Though he hadn’t been in a Santa Barbara kitchen since his time at Café Luck on Cota Street from 2008 to 2011, Rosner — who replaced longtime Chef Brandon Hughes, now at Montecito’s Birnam Wood Golf Club — answered the questions well, giving sincere nods to the town’s mantras of seasonality and sustainability. For co-owner Mitchell Sjerven, even more important was Rosner’s appreciation of Santa Barbara’s unique fine-dining needs — in short, those who regularly eat on white tablecloths here tend to prefer well-done standards to adventurous experiments. “We wanted to find someone who understood our program,” said Sjerven, admitting the search was tough. “We didn’t want someone who was going to put Sriracha on everything.”
There was no Sriracha at the sampling, and Rosner is quite happy to be back. “As a chef, this is one of the most fortunate places to be in the country,” he explained, as the staff went off to offer the inaugural dishes. There’s the bounty of fresh produce, of course, but Rosner enjoys cooking for both the formal Wine Cask and the “blue jeans and T-shirt” setting of the adjacent Intermezzo. “Elegant and casual,” said Rosner, who trained at the Culinary Institute of America in upstate New York and also tallied more than 11 years combined at Manhattan’s iconic restaurants Balthazar and Daniel. “To have both on the same property is a dream.”

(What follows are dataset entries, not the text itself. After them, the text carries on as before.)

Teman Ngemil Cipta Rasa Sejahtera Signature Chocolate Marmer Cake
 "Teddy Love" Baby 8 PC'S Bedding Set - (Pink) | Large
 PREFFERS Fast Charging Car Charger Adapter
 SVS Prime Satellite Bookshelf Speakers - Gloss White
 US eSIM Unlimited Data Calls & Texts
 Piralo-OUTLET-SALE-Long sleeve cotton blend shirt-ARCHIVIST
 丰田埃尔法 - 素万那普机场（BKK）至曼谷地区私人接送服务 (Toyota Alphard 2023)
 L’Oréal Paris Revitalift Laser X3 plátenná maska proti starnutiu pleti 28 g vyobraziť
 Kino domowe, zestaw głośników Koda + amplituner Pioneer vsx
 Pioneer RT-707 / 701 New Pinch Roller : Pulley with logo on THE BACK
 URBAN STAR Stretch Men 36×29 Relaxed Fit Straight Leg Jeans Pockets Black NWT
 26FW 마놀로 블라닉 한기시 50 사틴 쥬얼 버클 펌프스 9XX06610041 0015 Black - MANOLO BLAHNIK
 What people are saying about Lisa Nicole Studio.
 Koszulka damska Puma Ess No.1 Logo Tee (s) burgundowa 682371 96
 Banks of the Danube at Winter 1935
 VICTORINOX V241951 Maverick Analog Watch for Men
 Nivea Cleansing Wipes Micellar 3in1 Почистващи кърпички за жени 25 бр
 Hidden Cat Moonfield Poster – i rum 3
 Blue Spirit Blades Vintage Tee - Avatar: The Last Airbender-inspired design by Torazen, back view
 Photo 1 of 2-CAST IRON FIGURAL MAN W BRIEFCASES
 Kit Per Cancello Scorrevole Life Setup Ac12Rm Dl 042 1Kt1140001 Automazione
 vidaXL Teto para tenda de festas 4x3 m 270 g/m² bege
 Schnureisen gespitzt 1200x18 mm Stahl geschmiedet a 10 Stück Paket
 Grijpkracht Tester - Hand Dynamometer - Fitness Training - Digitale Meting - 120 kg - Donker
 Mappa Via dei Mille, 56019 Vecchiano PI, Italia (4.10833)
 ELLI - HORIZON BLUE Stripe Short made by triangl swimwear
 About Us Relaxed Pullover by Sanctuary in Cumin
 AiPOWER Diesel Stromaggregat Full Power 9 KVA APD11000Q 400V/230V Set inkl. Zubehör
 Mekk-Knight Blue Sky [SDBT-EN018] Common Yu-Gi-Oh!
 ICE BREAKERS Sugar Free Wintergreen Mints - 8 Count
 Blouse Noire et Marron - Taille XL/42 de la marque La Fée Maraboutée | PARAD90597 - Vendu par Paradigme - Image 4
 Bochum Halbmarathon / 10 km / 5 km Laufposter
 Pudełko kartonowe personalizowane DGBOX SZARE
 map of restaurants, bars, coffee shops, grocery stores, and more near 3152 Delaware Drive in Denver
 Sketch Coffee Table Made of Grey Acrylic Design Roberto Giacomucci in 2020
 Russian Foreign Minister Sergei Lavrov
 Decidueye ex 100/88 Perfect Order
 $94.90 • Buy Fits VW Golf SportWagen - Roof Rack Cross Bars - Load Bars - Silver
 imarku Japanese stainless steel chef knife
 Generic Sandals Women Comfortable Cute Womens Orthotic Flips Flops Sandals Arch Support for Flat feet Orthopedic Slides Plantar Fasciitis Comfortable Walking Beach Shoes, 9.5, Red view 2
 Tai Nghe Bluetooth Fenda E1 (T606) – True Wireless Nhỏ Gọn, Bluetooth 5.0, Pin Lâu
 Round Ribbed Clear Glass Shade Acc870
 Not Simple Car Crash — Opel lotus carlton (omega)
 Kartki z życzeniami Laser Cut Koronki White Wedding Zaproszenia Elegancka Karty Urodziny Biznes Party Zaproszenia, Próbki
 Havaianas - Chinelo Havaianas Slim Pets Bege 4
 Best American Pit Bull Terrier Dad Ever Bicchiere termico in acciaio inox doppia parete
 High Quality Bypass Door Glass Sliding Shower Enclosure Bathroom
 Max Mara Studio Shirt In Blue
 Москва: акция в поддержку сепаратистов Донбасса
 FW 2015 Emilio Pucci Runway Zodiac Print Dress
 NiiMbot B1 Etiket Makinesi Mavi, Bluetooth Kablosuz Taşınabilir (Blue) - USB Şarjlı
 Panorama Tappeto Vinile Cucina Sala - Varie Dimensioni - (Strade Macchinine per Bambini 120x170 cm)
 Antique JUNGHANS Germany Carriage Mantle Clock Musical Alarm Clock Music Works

Here are three highlights off the current menu, which will change a bit next season:
Summer Wild Kale Salad: The greens are accompanied by market beets, beet purée, quinoa, shaved parmesan, toasted hazelnuts, and a hazelnut vinaigrette. “I want to represent what’s around us, so it’s a very American Riviera approach,” said Rosner, who frequents the farmers’ markets. “You let the vegetables speak for themselves.
Duo of Beef: Served with carrots, turnips, and a pomme purée, the roasted ribeye and braised short rib are hormone-free, “clean, clean beef,” according to Rosner, who sources domestically rather than going abroad for wagyu meat. “I don’t need to fly something into the county that I feel we do here better than everyone else,” he explained.
Roasted Rack of Lamb: Served as a disassembled rack with fried artichokes and crushed potatoes, this entrée highlight is also a duo of sorts, coming with braised lamb belly. “Think lamb bacon,” Rosner tells the staff, to which one replied, “This is the game-changer. That’s so good.”